I don’t have a general objection to titles that show reverence: There are some marketing giants, such as Lester Wunderman or Stanley Fenvessy, who deserve every possible parental honorific.
But “godfather”? It’s a curious title. In Christian faiths, a godparent is a close family friend who (traditionally) takes responsibility for the child’s religious education or (contemporarily) cares for the child if the parents are unable to do so.
In Judaism the godparent role, while not expressly called such, is sometimes bestowed upon an individual who holds a male child steady while a mohel performs a ritual circumcision. Among those actually being circumcised, the more common appellation for this individual is “You miserable son of a [untranslatable from the Yiddish].”
The best reaction to parentage-as-accolade came from Paul Krassner, a satirist People magazine described as “the father of the underground press.” Krassner’s response? “I demand a blood test.”
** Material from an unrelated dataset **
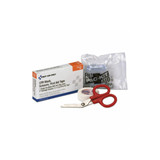 First Aid Only™ KIT,CPR MSK,TAPE,SCISSOR 90638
In this particular instance, chances are pretty good the godfather-of-CRM designation was a public relations construct entirely out of the speaker’s control. (One would hope, anyway; it’s rather unseemly to demand an honorific. In its early days MTV was rumored to have been contractually obligated to refer to Michael Jackson as “The King of Pop.” How fallen are the mighty.)
That said, if CRM must have a godfather, one could do worse than Theodore Levitt, a Harvard Business School professor and former editor of Harvard Business Review who, in his 1960 essay “Marketing Myopia,” used a familial reference in his statement “Marketing is a stepchild.”
“Selling is not marketing,” Levitt continued. “[Selling] does not, as marketing invariably does, view the entire business process as consisting of a tightly integrated effort to discover, create, arouse and satisfy consumer needs.”
Even if Levitt didn’t use the specific term “customer relationship management,” this essay codified these ideas nearly 50 years ago. And that’s far from his sole contribution to the craft. Among his extensive writings, Levitt penned the standard anecdote illustrating the above sentiment. In Levitt’s example, railroads let their golden age pass when they thought of themselves as being in the railroad business rather than the transportation business.
Levitt would be a damn good nominee for the DMA’s Hall of Fame, although his candidacy is somewhat hampered by his death in 2006, which left him ill-positioned to buy a table or two at the annual awards ceremony. But wotthehell, how many tables did 2004 inductee Benjamin Franklin underwrite?
Truth be told, CRM doesn’t need a godfather. What it really could use is a Dutch uncle — someone capable of giving wrongheaded marketing practitioners a swift kick in the netherlands.